Evan miró a Andrew, quien asintió. Después, Andrew sujetó su arco a la altura de sus hombros, y cerró los ojos. Murmuró algo en un idioma que no entendí, al tiempo que una luz azul cielo salió de ella en forma de flotantes líneas y curvas. Esa luz nos rodeó, tanto a ellos como a nosotras, hasta que el exterior se volvió borroso.

Hubo una ráfaga de viento dentro de la pequeña capa que formó la luz, mi cabello y el de Sara se elevó, y mi respiración se dificultó. Por reflejo, cerré los ojos y apreté el cuerpo de Sara contra el mío.

Cuando el viento cesó, y no percibí la luz mágica, abrí los ojos. Me sorprendí al descubrir que nos encontrábamos en la entrada de la casa de Sara.

Mi mente apenas logró procesar que nos habíamos transportado mágicamente hasta ahí, pero aún era mucho para mí. No me acostumbraba a la magia, y dudaba que algún día lo hiciera.
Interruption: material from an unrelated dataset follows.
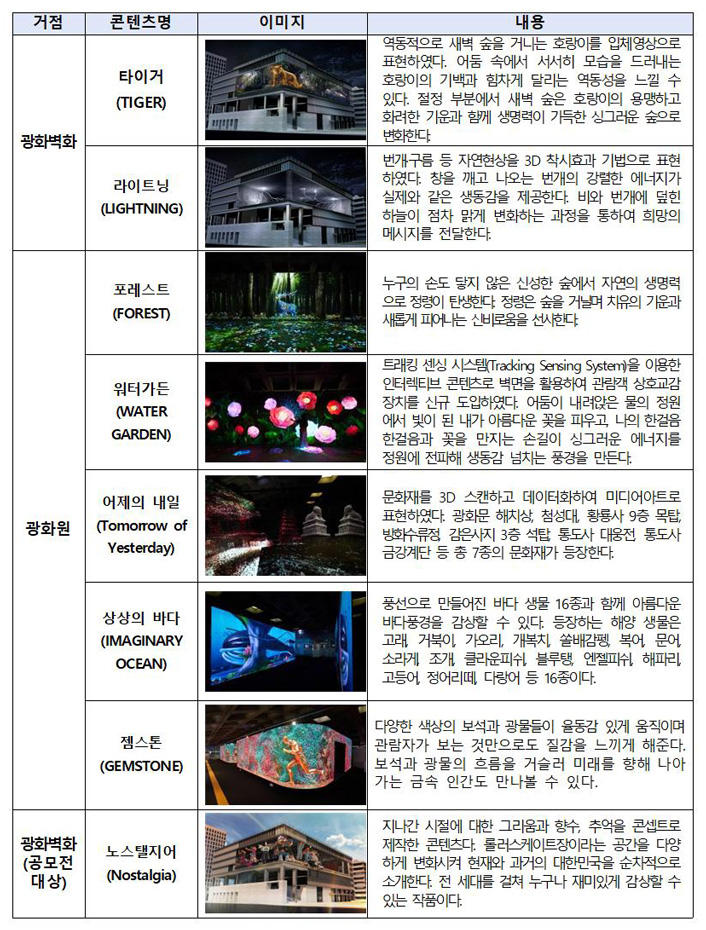 붙임 1. '광화시대' 신규 콘텐츠 목록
El arco de Andrew se redujo, hasta el tamaño de un dije, como el látigo de Sara; luego se lo colgó en el cuello y escondió entre su camiseta. Dio la impresión de que no quería que nadie lo viera.

El peso de Sara pudo con mi fuerza, y me tambaleé por el desequilibrio. No la iba a soltar, no en ese estado, pero eso era algo que no podía controlar. Por suerte, Evan la recibió antes de que callera al suelo. La cargó en brazos, como una princesa, mientras ella seguía semiconsciente.

—Gracias —dije con una pequeña sonrisa—, tenemos que entrarla.